A valiant effort there VP Not sure who Ben is, or Juliet, I know who Ros and Harry are but I am a Johnny come lately... 
Good stuff though, the deep frying and fantastical double dealing is marvellous. It's almost a highbrow british version of Heroes...



> It's a derogatory term used for black people.


Oh. I didn't know that


----------



## starfish (Nov 25, 2009)

Oh naughty, naughty Sarah. Whats she up to then ?


----------



## Epico (Nov 25, 2009)

Did anyone else notice the prominent 'no-smoking' sign towards the beginning? It made wonder - why does NO ONE smoke? They're always highly stressed - and they don't need to worry about dying young, because that's a given. It'd be smoking like a chimney.


----------



## sleaterkinney (Nov 25, 2009)

starfish said:


> Oh naughty, naughty Sarah. Whats she up to then ?

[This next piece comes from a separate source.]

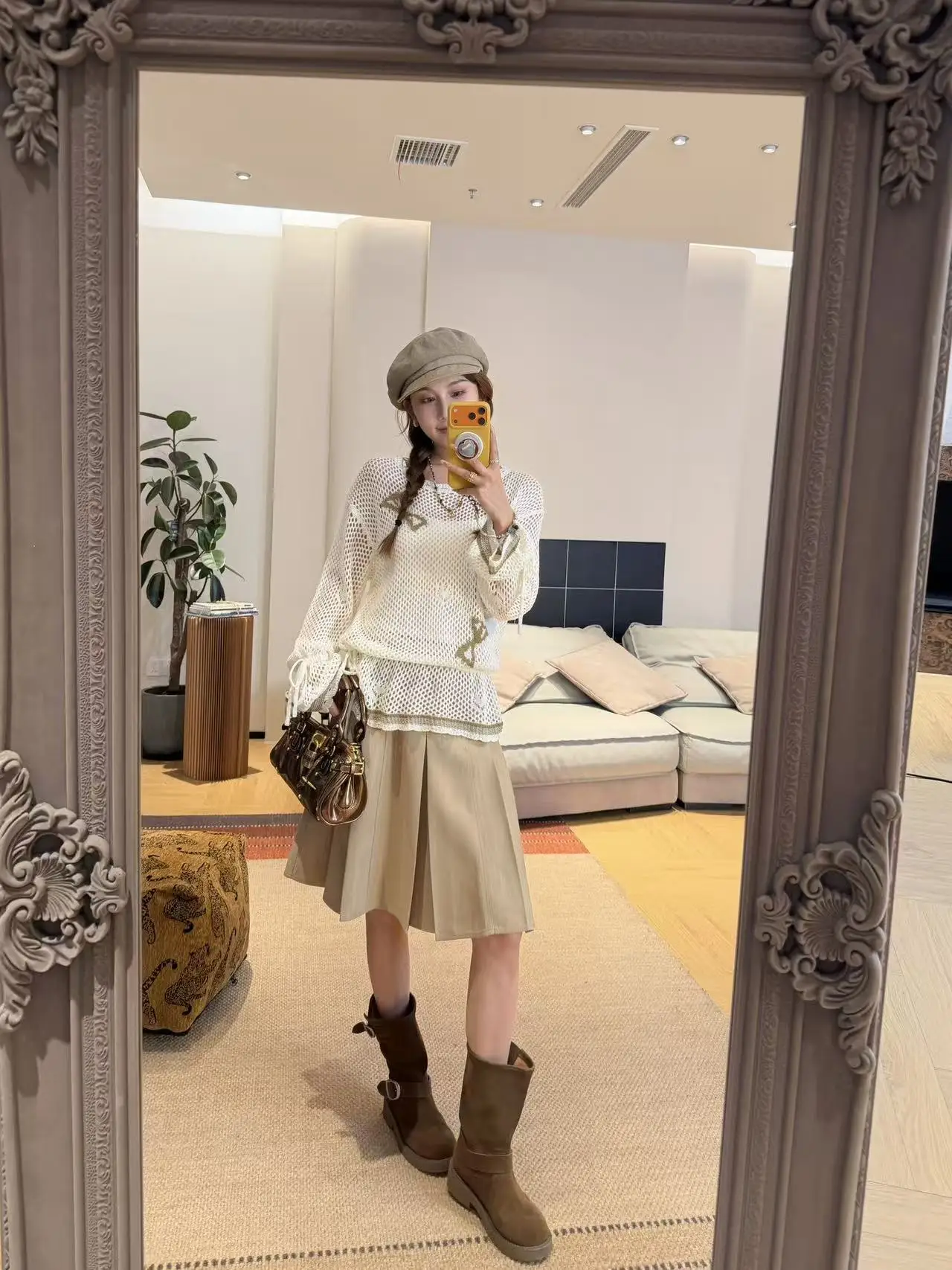 

Interactive Light And Shadow Design Long Sleeve Knitted Cover up Loose Fit Waist Cinched Hollow out Hook Flower Gown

She must have gone to that meeting in Switzerland. I wonder why that russian guy didn't off yer man and just take the cash?


----------



## Minnie_the_Minx (Nov 25, 2009)

ShiftyBagLady said:


> Oh. I didn't know that





You must be young


----------



## starfish (Nov 25, 2009)

sleaterkinney said:


> She must have gone to that meeting in Switzerland. I wonder why that russian guy didn't off yer man and just take the cash?



Figured that but wondering about the bigger picture. What was that meeting all about, i know we'll find out soon but whos going to speculate.

Love & trust. He has the hots for Lucas & thought he would take him away.


----------



## weltweit (Nov 25, 2009)

Its not someone gets offed every series, someone gets offed every episode!


----------



## ViolentPanda (Nov 26, 2009)

starfish said:


> Oh naughty, naughty Sarah. Whats she up to then ?



What, besides being a psycho?


----------



## ViolentPanda (Nov 26, 2009)

Epico said:


> Did anyone else notice the prominent 'no-smoking' sign towards the beginning? It made wonder - why does NO ONE smoke? They're always highly stressed - and they don't need to worry about dying young, because that's a given. It'd be smoking like a chimney.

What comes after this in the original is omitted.